REQUIRED WORK
Reproduce precisely the lines of the material below from the line containing "In the next" up to and including its last line. Pictures must not be copied.

INPUT FOR THIS TASK
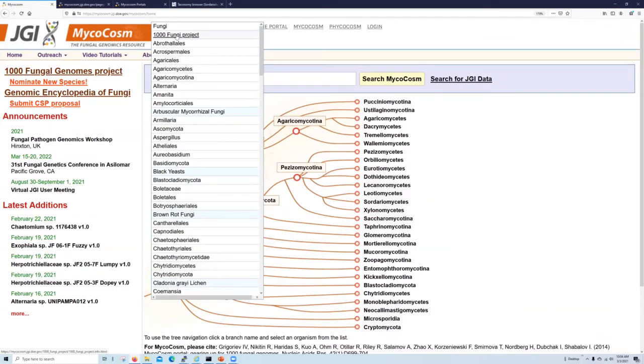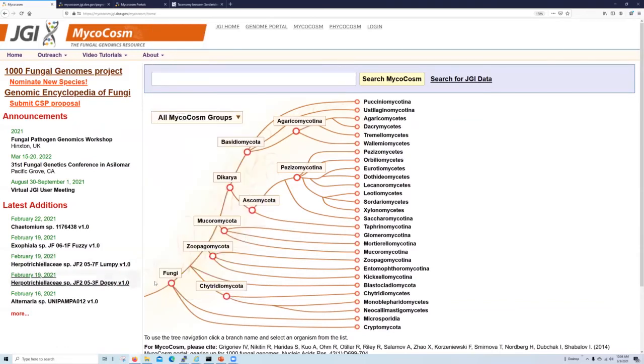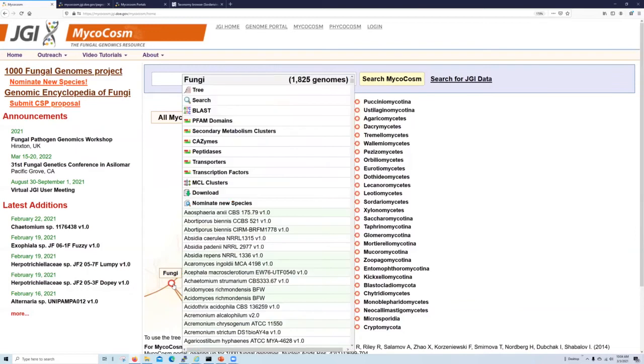To explore a group, you can select it from the group pull down here or you can click on that node in the navigator and click on the top link up here. For example, let's take a look at the largest group, the fungi.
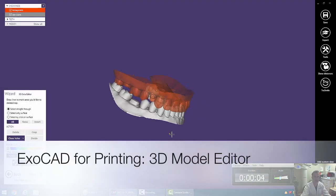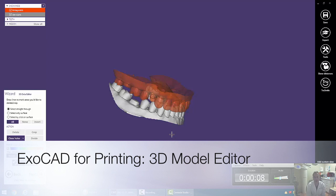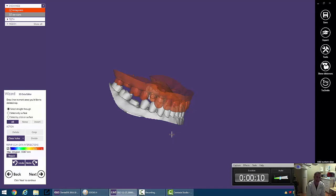All right, welcome back. Video number three. In this, we're going to cover the 3D data editor of ExoCAD.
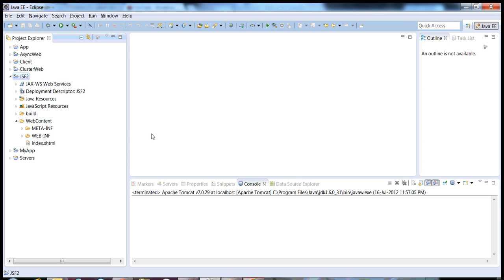Hi all, in my today's video cast I will talk about creating a simple JSF based application with the help of JSF2, Tomcat and Eclipse Juno.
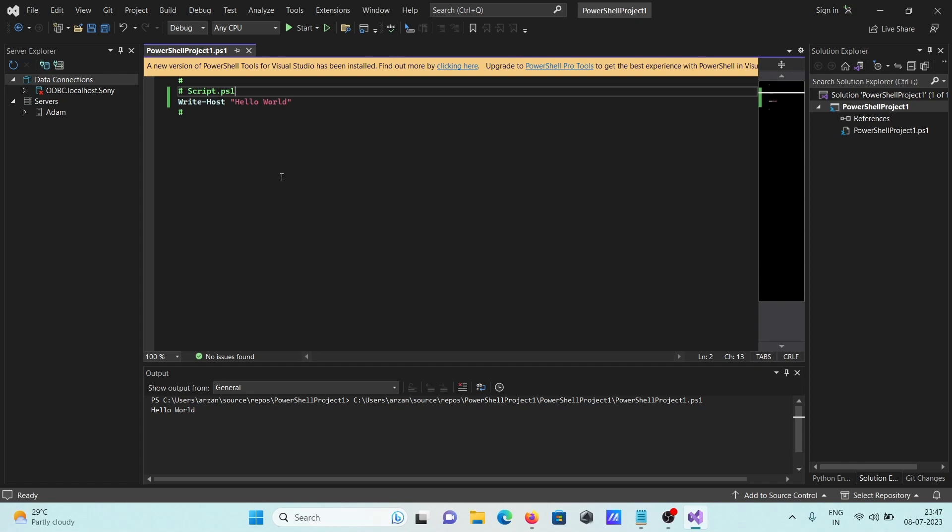After that, in this place you can write any kind of PowerShell code. This is how we can install PowerShell tools for Visual Studio. I hope this video is helpful for you. Thanks for watching, see you next time.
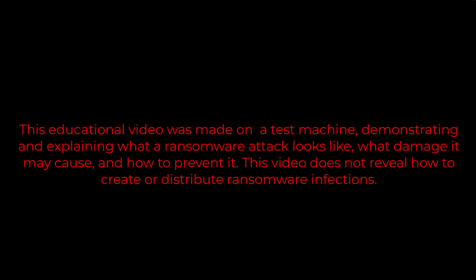This educational video was made on a test machine demonstrating and explaining what a ransomware attack looks like, what damage it may cause, and how to prevent it. This video does not reveal how to create or distribute ransomware infections.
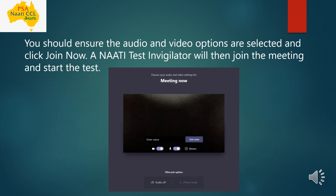Once you have given Microsoft Teams access to your webcam and microphone, the screen will look as shown in the screenshot. You will be joining 10 to 15 minutes before the start. The Nati test invigilator will then join the meeting and start the test. They will first check your microphone and whether they can see you properly, then give a set of instructions before the test begins.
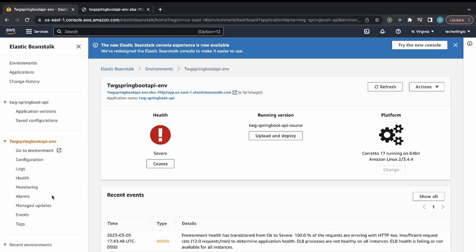In the next video I'll show how to integrate a database. I'll demonstrate creating an RDS Postgres database, then connecting it to the existing Elastic Beanstalk application by uploading a new version that uses the data source from the new Postgres instance in AWS RDS. Stay tuned, and go ahead and like and subscribe.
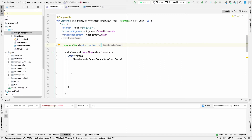LaunchedEffect has some limitations. First, it is itself a composable, so we can only call it from another composable — we cannot use it in callback functions. For example, on a button click we cannot launch it from there. Another limitation is that with LaunchedEffect we cannot control the lifecycle of the coroutine — you cannot cancel it anytime you want. For example, if you start an animation and want to stop it, you cannot do this with LaunchedEffect.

RESPONSE BELOW
In the next video I'll show how to integrate a database. I'll demonstrate creating an RDS Postgres database, then connecting it to the existing Elastic Beanstalk application by uploading a new version that uses the data source from the new Postgres instance in AWS RDS. Stay tuned, and go ahead and like and subscribe.
LaunchedEffect has some limitations. First, it is itself a composable, so we can only call it from another composable — we cannot use it in callback functions. For example, on a button click we cannot launch it from there. Another limitation is that with LaunchedEffect we cannot control the lifecycle of the coroutine — you cannot cancel it anytime you want. For example, if you start an animation and want to stop it, you cannot do this with LaunchedEffect.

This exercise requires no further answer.